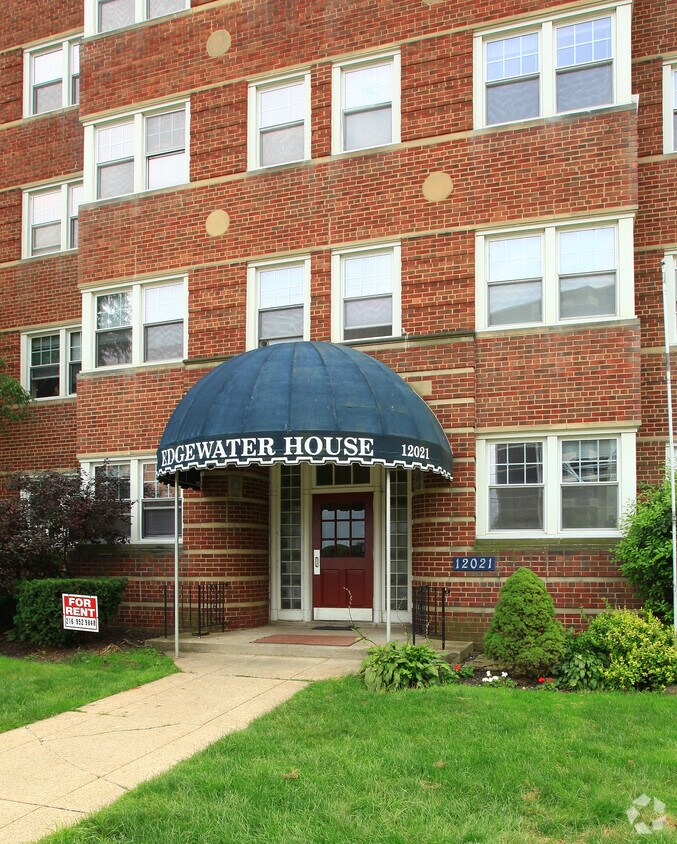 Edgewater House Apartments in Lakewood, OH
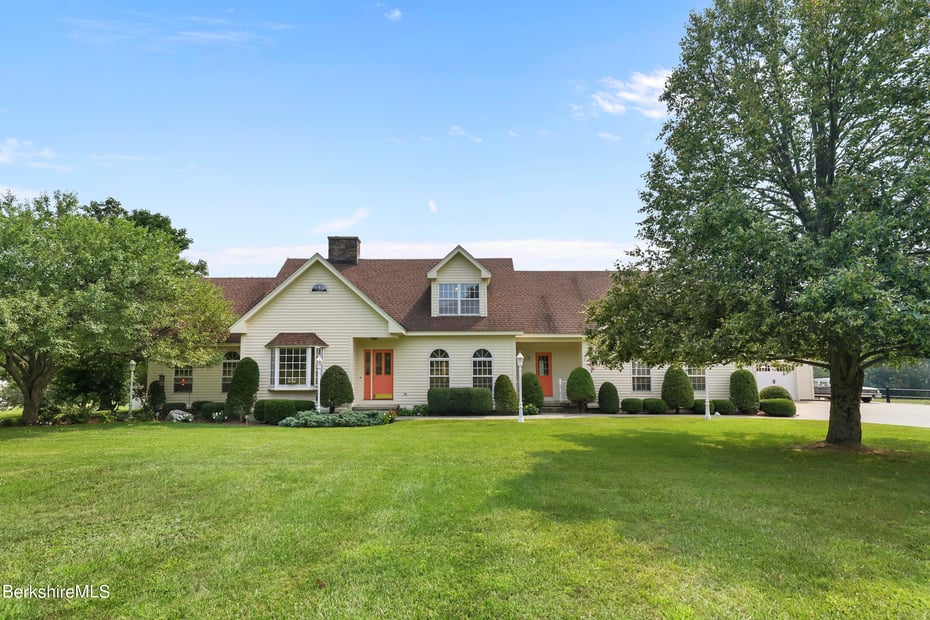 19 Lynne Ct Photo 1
--
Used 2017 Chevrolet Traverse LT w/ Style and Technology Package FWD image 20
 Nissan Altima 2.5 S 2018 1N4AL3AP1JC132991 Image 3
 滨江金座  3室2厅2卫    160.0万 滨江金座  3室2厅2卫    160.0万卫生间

Assigned task: Going by the entries above, repeat exactly the lines that start at the line with "Edgewater House Apartments in Lakewood, OH" and go on through the line with "19 Lynne Ct Photo 1". Pictures are not part of the copy.

Answer for the task:
 Edgewater House Apartments in Lakewood, OH
 19 Lynne Ct Photo 1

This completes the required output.